これらの政策を推進していくには、財政の健全化が図れていることが必須となります。令和5年の当初予算とともに見直しを行っております「財政計画」を堅持していくことはもちろんのこと、現在も継続的に進めていただいております「公共施設等マネジメント推進委員会」の動向も踏まえながら、中長期的な視点で持続可能なまちづくりをさらに進めます。
重点プロジェクト
第2次与謝野町総合計画後期基本計画では、7つの分野を横断し重点的に取り組むべき施策を「重点プロジェクト」と位置付け推進していくこととしています。
後期基本計画策定の過程において実施された「よさのみらい会議」やまちづくりアンケートなどから、総合計画審議会において分野を横断する共通課題・住民ニーズとして抽出したものであり、まさに住民参画で策定した計画のなかでも、重要なプロジェクトと考えています。

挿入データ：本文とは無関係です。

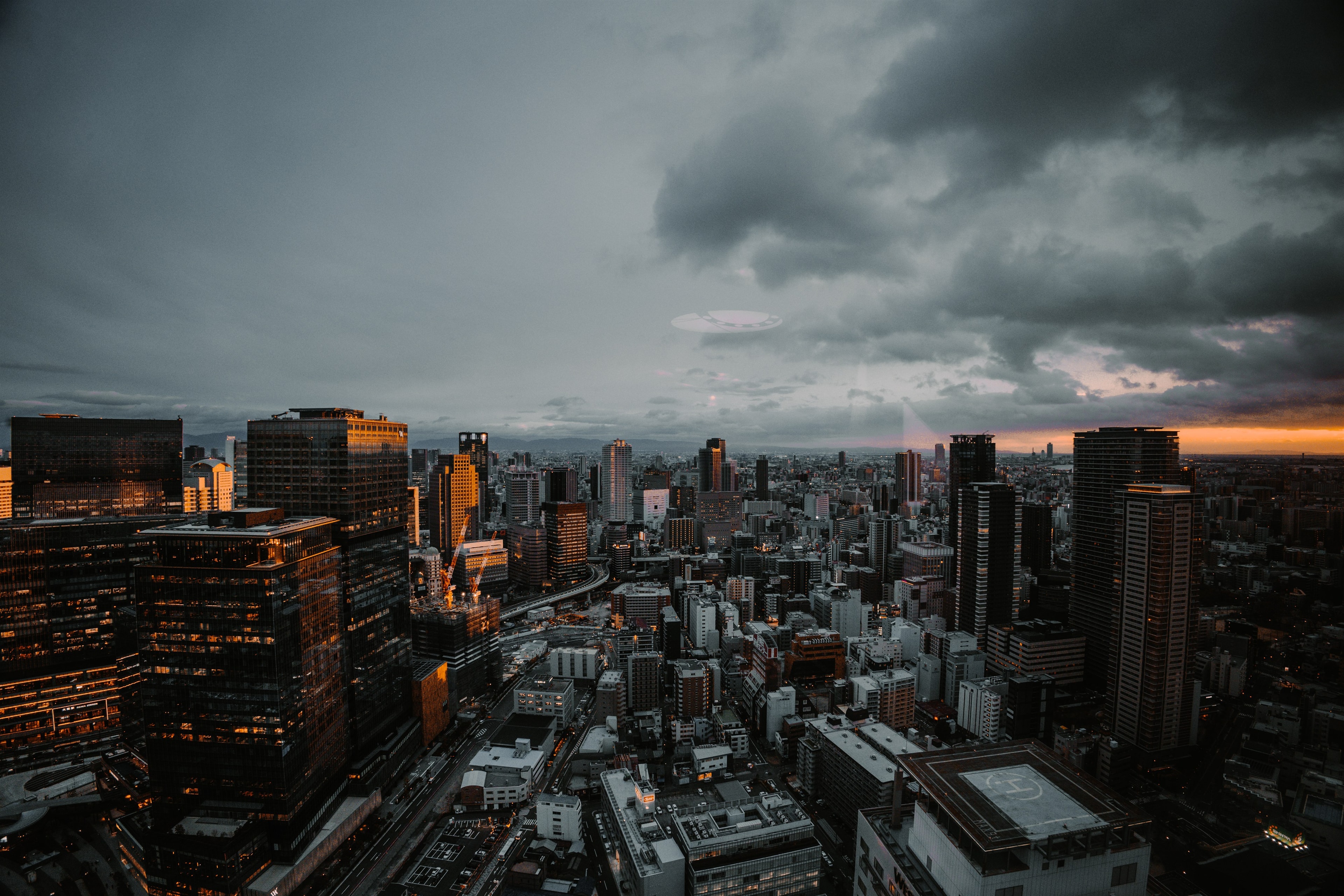 Osaka's skyline fading into dusk, storm light breaking gold along the horizon.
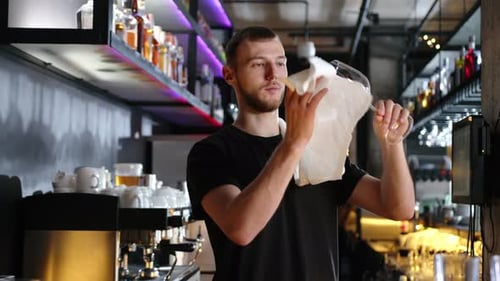 Young Adult Cleans a Wine Glass in Bar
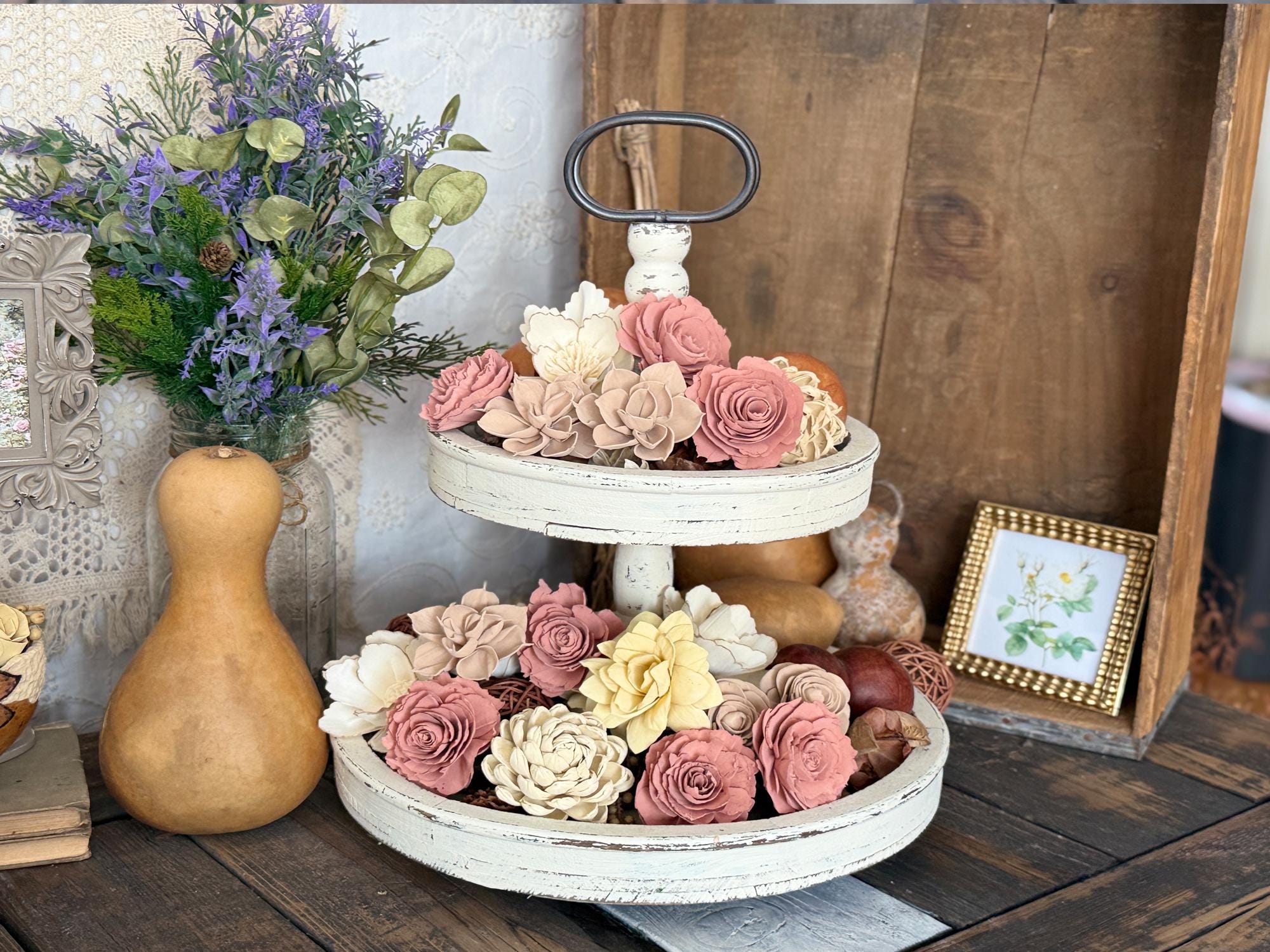 Decorative tiered tray with wood flowers on a wooden surface, surrounded by other decorative items.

まちづくりの担い手が生まれたり、育まれたり、また実践者同士が繋がることの場づくりとなる「よさのみらい会議プロジェクト」、住民・事業者・行政が一体となり、このまちに住む人々の愛着や誇り、地域資源の魅力発信を強化するとともに、地域で取り組まれる多様な活動を応援する仕組みづくりを行う「まちの魅力発信・応援プロジェクト」、そしてこれまでから重点的に推進してきた「地方創生プロジェクト」の3つの重点プロジェクトにつきまして、積極的に推進してまいります。
5 むすび
以上のような政策を実行するのが政治であり、行政です。あの桜咲く春、私は住民の皆さんに自分が掲げる政策を訴え、理解を求めました。自身に対する投票を求めただけでなく、この美しいまちを次世代につないでいくために、全身全霊をかけて選挙を戦いました。選挙から1年の歳月が過ぎようとしている今、住民の皆さんから受け止めた想いや願いをかみしめて、責任ある政治・責任ある行政を実現していくために、力を尽くしてまいります。議員の皆さん、町民の皆さんのお力をお貸しください。
この令和5年度を、危機を乗り越え、新たな一歩を踏み出す年にしてまいりましょう。